You can add additional data to be used with RRA (or to be searched), as long as you map it into the DMOs, or use in the Search index.

Enable searching in a custom field name for Accounts

  • Add the additional field to RRA_Entities DMO.
  • Add the additional field to RRA_Accounts stream and map it to the DMO field.
  • Edit the RRA_Entities search index and add the new field to the list of Chunked fields. Result: The new field will be searchable by the search index (and by RRA).

Enable searching for any unstructured data (eg files, or Slack messages)

This assumes that the files are already mapped to some entity (eg Contacts or Accounts). The current implementation only supports 1 entity associated with a file (or a message).

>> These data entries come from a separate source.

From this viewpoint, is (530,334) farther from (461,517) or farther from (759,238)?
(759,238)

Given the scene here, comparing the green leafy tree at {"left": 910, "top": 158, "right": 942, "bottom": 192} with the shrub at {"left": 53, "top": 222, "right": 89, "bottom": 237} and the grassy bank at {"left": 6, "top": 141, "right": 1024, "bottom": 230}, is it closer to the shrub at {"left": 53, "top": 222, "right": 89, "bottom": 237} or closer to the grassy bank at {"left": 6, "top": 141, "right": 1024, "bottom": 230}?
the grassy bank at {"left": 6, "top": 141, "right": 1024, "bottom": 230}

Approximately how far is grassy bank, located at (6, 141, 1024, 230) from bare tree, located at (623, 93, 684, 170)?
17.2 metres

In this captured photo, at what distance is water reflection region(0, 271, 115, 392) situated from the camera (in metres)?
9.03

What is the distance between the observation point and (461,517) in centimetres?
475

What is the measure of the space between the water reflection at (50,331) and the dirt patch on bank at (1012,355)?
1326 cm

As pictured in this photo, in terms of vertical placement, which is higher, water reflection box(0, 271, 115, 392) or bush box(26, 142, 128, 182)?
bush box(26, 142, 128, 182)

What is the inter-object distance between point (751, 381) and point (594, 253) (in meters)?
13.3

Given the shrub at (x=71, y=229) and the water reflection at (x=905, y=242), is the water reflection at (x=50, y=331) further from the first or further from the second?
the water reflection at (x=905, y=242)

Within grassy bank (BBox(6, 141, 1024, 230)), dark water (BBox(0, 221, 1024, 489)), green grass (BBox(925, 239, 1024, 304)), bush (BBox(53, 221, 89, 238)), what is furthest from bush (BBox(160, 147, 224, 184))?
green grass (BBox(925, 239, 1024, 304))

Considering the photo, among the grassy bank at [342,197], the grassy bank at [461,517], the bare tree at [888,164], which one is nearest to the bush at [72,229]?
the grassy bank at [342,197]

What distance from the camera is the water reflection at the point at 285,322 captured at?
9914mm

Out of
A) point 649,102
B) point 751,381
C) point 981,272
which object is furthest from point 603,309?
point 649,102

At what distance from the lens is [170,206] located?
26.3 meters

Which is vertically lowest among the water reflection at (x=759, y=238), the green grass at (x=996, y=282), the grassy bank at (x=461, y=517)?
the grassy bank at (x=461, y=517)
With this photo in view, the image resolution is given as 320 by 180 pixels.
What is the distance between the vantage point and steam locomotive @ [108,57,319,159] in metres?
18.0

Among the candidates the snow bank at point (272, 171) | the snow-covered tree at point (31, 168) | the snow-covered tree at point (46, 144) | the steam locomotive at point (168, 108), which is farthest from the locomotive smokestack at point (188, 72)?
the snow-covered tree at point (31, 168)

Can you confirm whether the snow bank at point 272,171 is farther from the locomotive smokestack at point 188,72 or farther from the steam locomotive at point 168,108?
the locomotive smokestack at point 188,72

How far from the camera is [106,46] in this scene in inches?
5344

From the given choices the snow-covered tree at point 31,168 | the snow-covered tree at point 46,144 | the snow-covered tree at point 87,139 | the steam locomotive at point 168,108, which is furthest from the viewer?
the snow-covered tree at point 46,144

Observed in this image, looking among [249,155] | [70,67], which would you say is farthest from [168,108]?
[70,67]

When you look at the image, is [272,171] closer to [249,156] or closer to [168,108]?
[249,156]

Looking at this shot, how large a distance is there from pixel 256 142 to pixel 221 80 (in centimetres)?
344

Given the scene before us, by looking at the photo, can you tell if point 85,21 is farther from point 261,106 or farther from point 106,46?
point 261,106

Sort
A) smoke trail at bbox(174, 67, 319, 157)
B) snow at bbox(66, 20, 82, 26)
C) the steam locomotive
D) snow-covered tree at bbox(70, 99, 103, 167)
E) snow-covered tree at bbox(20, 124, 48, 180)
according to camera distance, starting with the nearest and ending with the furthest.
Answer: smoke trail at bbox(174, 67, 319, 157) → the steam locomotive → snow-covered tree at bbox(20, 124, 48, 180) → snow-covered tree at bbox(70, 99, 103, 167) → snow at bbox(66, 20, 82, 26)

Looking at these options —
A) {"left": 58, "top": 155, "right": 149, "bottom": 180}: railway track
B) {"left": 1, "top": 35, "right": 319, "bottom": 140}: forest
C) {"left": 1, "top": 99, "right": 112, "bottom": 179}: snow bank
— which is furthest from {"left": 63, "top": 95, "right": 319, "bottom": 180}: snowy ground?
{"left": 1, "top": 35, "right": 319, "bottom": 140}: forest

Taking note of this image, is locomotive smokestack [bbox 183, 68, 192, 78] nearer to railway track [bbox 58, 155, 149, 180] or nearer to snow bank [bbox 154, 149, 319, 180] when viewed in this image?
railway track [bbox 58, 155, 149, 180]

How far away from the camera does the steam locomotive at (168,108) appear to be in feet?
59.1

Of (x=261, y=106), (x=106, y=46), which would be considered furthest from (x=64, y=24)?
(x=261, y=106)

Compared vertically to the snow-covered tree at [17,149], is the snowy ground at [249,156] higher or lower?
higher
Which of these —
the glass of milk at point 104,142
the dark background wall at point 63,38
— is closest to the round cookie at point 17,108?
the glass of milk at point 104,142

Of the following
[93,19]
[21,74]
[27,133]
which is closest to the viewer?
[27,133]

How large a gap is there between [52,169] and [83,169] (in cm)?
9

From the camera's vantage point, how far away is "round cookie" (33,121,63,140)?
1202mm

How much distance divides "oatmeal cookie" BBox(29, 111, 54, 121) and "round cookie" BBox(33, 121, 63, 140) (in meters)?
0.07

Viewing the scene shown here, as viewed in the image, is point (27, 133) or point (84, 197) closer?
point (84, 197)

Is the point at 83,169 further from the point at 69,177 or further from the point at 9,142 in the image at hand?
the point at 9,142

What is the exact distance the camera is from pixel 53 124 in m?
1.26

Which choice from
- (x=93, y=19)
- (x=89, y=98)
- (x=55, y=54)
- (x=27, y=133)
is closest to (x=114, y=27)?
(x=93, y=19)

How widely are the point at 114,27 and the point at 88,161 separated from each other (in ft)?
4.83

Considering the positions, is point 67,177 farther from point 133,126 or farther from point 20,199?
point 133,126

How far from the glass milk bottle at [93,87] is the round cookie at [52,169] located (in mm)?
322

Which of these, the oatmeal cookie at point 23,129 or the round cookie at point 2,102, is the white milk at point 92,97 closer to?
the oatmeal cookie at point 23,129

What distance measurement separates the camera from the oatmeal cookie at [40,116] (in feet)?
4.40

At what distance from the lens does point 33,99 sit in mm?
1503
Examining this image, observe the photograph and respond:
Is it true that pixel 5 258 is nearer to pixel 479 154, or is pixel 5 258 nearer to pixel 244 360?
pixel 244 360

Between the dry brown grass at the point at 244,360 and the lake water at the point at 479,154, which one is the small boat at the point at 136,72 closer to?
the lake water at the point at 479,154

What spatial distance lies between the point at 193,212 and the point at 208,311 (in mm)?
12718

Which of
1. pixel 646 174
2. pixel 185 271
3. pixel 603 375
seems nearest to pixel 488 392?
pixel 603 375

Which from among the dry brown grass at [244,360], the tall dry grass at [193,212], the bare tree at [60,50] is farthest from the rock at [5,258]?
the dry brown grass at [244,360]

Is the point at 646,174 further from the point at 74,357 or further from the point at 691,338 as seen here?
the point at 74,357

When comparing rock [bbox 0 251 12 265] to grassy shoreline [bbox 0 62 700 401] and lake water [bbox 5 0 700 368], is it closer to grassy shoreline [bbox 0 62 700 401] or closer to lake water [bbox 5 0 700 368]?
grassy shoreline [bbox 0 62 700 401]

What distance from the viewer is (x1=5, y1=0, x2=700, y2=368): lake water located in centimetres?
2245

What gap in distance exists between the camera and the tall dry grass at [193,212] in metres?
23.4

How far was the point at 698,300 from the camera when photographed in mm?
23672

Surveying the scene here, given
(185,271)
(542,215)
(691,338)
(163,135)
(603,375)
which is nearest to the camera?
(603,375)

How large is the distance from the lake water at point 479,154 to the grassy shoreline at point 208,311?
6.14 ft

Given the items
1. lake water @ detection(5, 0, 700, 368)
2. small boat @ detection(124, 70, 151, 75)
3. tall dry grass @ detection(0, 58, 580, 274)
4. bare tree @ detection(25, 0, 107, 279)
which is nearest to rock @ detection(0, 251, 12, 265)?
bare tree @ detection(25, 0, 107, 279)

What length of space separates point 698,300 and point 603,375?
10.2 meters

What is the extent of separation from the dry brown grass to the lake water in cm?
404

  • Import slack messages, or files, into a data stream.
  • Map entities referenced in the data stream into RRA_Entity DMO.
  • Map the messages themselves into RRA_Note DMO.

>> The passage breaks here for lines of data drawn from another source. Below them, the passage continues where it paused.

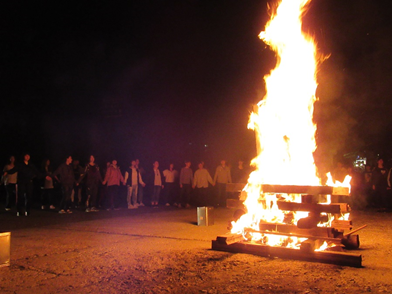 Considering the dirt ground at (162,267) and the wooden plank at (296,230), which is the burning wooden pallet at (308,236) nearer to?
the wooden plank at (296,230)

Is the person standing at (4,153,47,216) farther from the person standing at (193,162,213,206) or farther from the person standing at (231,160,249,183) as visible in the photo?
the person standing at (231,160,249,183)

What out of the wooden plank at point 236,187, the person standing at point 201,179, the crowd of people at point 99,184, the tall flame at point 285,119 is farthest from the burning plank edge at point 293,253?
the person standing at point 201,179

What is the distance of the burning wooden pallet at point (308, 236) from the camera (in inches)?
229

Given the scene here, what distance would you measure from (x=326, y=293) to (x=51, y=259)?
4.26m

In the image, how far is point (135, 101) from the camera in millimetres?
23500

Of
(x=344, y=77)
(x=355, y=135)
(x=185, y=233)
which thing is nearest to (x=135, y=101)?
(x=344, y=77)

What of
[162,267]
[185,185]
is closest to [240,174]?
[185,185]

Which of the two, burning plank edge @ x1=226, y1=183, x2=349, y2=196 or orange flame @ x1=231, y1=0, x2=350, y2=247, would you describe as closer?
burning plank edge @ x1=226, y1=183, x2=349, y2=196

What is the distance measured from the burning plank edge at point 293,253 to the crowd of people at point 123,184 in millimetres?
7767

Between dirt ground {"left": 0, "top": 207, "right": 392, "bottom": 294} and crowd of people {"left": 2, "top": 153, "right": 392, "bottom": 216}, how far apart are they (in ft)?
11.8

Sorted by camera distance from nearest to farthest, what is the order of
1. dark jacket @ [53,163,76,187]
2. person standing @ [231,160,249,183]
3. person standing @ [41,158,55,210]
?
1. dark jacket @ [53,163,76,187]
2. person standing @ [41,158,55,210]
3. person standing @ [231,160,249,183]

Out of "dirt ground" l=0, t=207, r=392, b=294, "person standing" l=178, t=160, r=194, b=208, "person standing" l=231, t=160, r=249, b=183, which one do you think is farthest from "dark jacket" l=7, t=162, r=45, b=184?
"person standing" l=231, t=160, r=249, b=183

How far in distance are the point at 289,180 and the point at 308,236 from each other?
1.50 metres

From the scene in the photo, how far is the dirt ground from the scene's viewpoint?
15.1 feet
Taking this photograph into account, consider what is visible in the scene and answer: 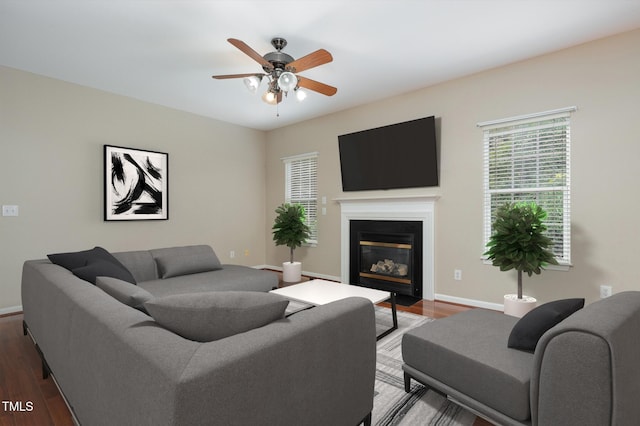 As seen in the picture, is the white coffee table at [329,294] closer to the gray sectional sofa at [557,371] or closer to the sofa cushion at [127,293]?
the gray sectional sofa at [557,371]

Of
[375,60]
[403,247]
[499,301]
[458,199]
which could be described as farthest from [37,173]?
[499,301]

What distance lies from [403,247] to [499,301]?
1291 millimetres

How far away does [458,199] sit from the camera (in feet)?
12.6

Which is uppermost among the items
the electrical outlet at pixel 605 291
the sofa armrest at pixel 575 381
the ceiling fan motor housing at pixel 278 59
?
the ceiling fan motor housing at pixel 278 59

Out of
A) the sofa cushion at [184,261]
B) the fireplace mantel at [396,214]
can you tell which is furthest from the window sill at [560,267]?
the sofa cushion at [184,261]

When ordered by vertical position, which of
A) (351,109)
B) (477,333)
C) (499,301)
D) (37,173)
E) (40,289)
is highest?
(351,109)

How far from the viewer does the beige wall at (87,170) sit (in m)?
3.50

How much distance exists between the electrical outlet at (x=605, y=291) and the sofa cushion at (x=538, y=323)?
186 centimetres

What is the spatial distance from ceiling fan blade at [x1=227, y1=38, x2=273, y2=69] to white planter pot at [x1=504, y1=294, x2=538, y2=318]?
326 centimetres

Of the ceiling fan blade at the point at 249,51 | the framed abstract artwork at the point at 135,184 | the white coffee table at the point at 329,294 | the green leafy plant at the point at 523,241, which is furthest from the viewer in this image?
the framed abstract artwork at the point at 135,184

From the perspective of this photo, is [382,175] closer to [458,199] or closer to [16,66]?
[458,199]

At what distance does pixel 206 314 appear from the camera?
3.71ft

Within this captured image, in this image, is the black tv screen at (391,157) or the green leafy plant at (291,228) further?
A: the green leafy plant at (291,228)

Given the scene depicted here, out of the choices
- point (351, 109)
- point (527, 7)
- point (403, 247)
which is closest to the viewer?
point (527, 7) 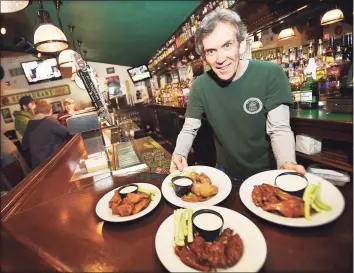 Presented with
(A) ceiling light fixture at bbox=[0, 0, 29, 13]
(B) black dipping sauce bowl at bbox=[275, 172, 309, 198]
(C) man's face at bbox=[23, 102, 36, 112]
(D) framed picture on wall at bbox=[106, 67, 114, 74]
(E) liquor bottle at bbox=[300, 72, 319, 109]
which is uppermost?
(D) framed picture on wall at bbox=[106, 67, 114, 74]

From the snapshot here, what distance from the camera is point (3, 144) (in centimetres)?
377

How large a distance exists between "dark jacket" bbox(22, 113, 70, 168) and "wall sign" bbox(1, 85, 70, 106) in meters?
7.42

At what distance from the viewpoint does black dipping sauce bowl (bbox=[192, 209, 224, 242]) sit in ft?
2.31

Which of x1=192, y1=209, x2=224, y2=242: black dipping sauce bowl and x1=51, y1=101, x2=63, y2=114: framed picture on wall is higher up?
x1=51, y1=101, x2=63, y2=114: framed picture on wall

Now the RRA_Note search index will be working against unstructured data, and RRA will be able to retrieve entities associated with that data.

Create retrievers

  • In DataCloud UI, navigate to Einstein Studio. Click "Retrievers".
  • New Retriever -> Individual Retriever -> Data Cloud.
  • Choose RRA Entity DMO, it should only contain a single search index.
  • No filters (All documents to return).
  • Results: add Name, Id, City, Country, Website, AccountId, ContactId.
  • Save (Name: RRA Entity Retriever). Activate.
  • Open the created retriever and note the API name - e.g. RRA_Entity_Retriever_1Cx_uLK882e3f26.
  • Repeat for RRA Note. Add the same fields from RRA Entity only, do not add fields from RRA Note table itself (redundant).
  • Save (Name: RRA Note Retriever). Activate.
  • Open the created retriever and note the API name - e.g. RRA_Note_Retriever_1Cx_uLKe002ffdf.

Deploy Prompt and Flow

Un-ignore DataCloud search objects in the project

  • Open .forceignore file in this project. Comment out two lines below. Save.
# GenAI Prompt Templates with Data Cloud dependencies
**/RRA_EntitiesDatacloudSearch.genAiPromptTemplate-meta.xml
**/RRA_EntitiesDatacloudSearch.flow-meta.xml

Deploy DataCloud search objects

Configure access to the flow

By default, no one can use the flow you've just published. For debug purposes, you can immediately enable access by profiles. Or you can add permission to run the flow to a PermissionSet and then assign it to RRA users.

Debug/testing approach: set assignment on the flow

  • Setup -> Flows -> Locate RRA_EntitiesDatacloudSearch -> context on the right -> Edit access.
  • Check "Override default behavior and restrict access to enabled profiles or permission sets".
  • Select appropriate profiles and permisison sets (eg Standard User, System Administrator for test). Save.

Debug the flow

Setup -> Flows -> Select flow RRA_EntitiesDatacloudSearch -> Open -> Debug. If the flow returns without error, it's set up.